Daniel Ziblatt is Eaton Professor of the Science of Government at Harvard University and resident faculty at the Minda de Gunzburg Center for European Studies (CES). At CES, he co-chairs the Seminar on Democracy – Past, Present, Future.

Ziblatt specializes in the study of European politics, state-building, democratization, and historical political economy. His latest book How Democracies Die (co-authored with Steven Levitsky) was on the New York Times bestseller list and has been translated into 22 languages. 

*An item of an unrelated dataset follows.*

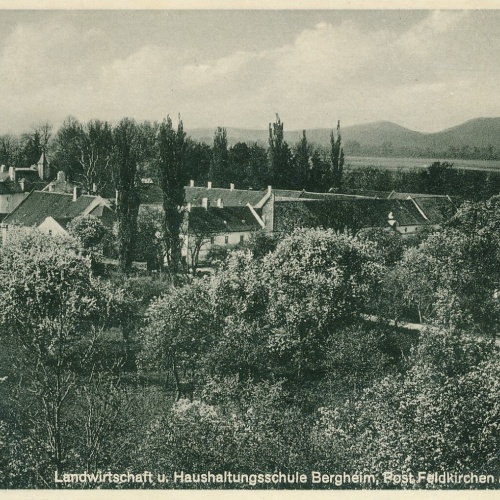 AK aus Feldkirchen Haushaltungsschule Oberösterreich Ansichtskarte (11195)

His second book Conservative Parties and the Birth of Democracy (2017) offers a new interpretation of the historical democratization of Europe, drawing lessons for new and old democracies under siege today. His book Structuring the State: The Formation of Italy and Germany and the Puzzle of Federalism (2006) draws lessons from nineteenth century experiences of state-building in Italy and Germany.In recent years he has been a fellow or visiting professor at the European University Institute (Florence, Italy), Center for Advanced Study (Stanford), Max Planck Institute (Cologne), University of Munich, and the Ecole Normale Superieure (Paris).

Steve Levitsky is a professor of government at Harvard University and coauthor of the 2018 New York Times bestseller How Democracies Die, with Daniel Ziblatt. In it, they argue that democracies die not because of revolutions or military coups, but due to the slow weakening of critical institutions and the gradual erosion of political norms.

Levitsky is a former Kellogg visiting fellow and an expert on Latin American politics. His research interests include political parties, authoritarianism and democratization, and weak and informal institutions. He is researching the durability of revolutionary regimes, the relationship between populism and competitive authoritarianism, problems of party-building in contemporary Latin America, and party collapse and its consequences for democracy in Peru.

He is co-author, with former Kellogg Visiting Fellow Lucan Way, of Competitive Authoritarianism: Hybrid Regimes after the Cold War (2010); author of Transforming Labor-Based Parties in Latin America: Argentine Peronism in Comparative Perspective (2003); and co-editor of The Resurgence of the Left in Latin America (2011), Informal Institutions and Democracy: Lessons from Latin America (2006), and Argentine Democracy: The Politics of Institutional Weakness (2005). 

He has contributed to a number of Kellogg Working Paper Series and to volumes resulting from Kellogg conferences, including Party Systems in Latin America: Institutionalization, Decay and Collapse, edited by Scott Mainwaring, former director of the Kellogg Institute (Cambridge University Press, 2018).

Ann L. Phillips is the senior advisor to the Nagorno-Karabakh Project, part of the Inclusive Peace Processes program at USIP. In addition to ongoing research and writing, she has drafted a conflict assessment, helped develop the workshop agenda for journalists from the region, and worked on other options for engagement.

Previously, she was senior advisor to USIP’s civilian-military relations program, which focused on improving the effectiveness of civilian and military actors working in the same conflict-affected or fragile state. In addition, she co-led workshops in the ACOTA program for African Union peacekeepers and led the governance module for the Ministry of Defense Advisory program for U.S. advisors detailed to foreign countries.

From 2007 until 2011, Phillips developed and directed the Program for Security, Stability, Transition & Reconstruction at the George C. Marshall European Center for Security Studies in Garmisch-Partenkirchen, Germany. Before that, she was a senior political economist in the Policy and Program Coordination Bureau at USAID and was detailed to the Office of the Director of Foreign Assistance, Department of State, as a senior policy analyst and country team leader between 2006-2007.

Prior to joining the government, Phillips was a faculty member at American University and Smith College; Fulbright professor at the Friedrich Schiller Universität; and guest professor at the University of Rostock. She earned a doctorate from Georgetown University in international relations and comparative politics with a regional concentration on the former Soviet Union and Eastern Europe, as well as a master’s in international relations from Johns Hopkins University.